Cracking comedy saves curious confection

Reporter: Paul Genty
Date published: 11 May 2010


When Harry Met Sally, Opera House, Manchester

IT must have seemed a very good idea. Take Nora Ephron’s famous and much-loved Billy Crystal and Meg Ryan film and turn it, restaurant scene and all, into a stage play.

The problem is that where the movie had many scenes set in different locations, good character development and a more realistic passage of time, the stage play does not.

Both actors are clearly in their youthful 20s, so to see them play 40-year-olds without changing at all — even their style of clothes — is a little disconcerting.

What adapter Marcy Kahan leaves us from the film instead is a collection of linear episodes in the two-decade friendship of Harry (”Corrie’s” former Jamie Baldwin, Rupert Hill) and Sally (ex-”Hollyoaks” actress Sarah Jayne Dunn).

And yes, one of those scenes is the landmark restaurant scene: for one thing it’s about the only part of the film everyone remembers, so to leave it out would have been ridiculous.

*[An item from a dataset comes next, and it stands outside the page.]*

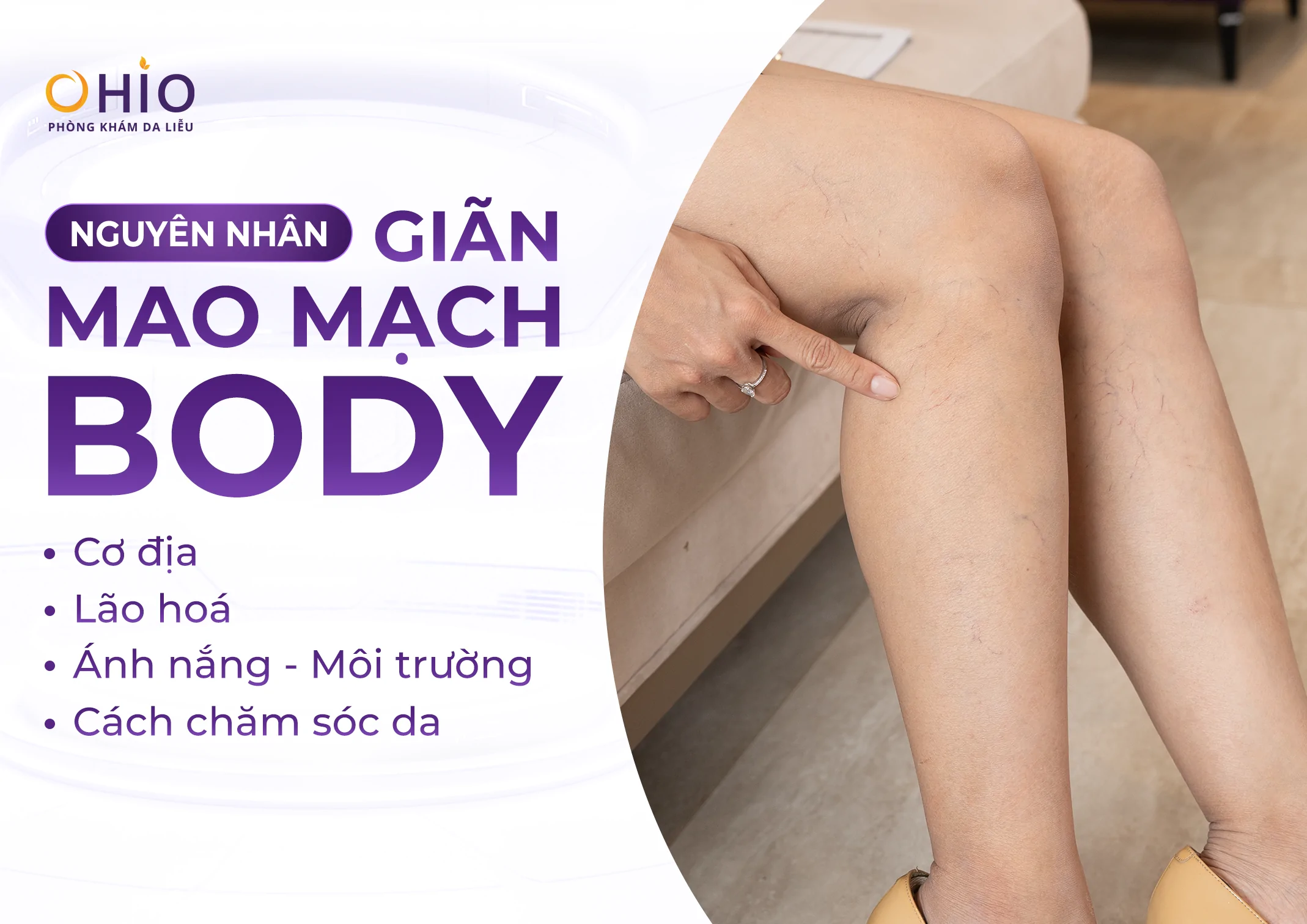 Dấu hiệu giãn mao mạch body là gì? Nguyên nhân và phương pháp điều trị - Phòng khám da liễu OHIO Dấu hiệu giãn mao mạch body là gì? Nguyên nhân và phương pháp điều trị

As it is, it comes (if you will pardon the expression) and goes amusingly but rather quickly, the audience (mainly of groups of women) mouthing along with the pay-off line.

Add to this some plain, rather flimsy sets, fussily-dressed and thus demanding several prop changes between scenes, and some curious decisions by director Michael Gyngell — notably to leave the stage empty at the end of the final scene — and it might seem like this touring production doesn’t have very much going for it.

In fact it has rather a lot going for it, most notably some cracking comedy lines which, if not delivered with Billy Crystal’s extraordinary wit, timing and personality, are at least given a strong line by Hill, who manages to make us laugh quite a bit, most of the time.

Sarah Jayne Dunn doesn’t have quite such an easy ride, her character remaining a rather nondescript, girlie individual, not helped by the actress’s glamorously long blonde hair and good looks.

Meg Ryan, you may recall, was chosen for the role because at the time she was the sweetheart of the movies, cute but not overtly glamorous. You would defy Hill’s character — portrayed as a serial womaniser — to keep his hands to himself for more than five minutes with this Sally.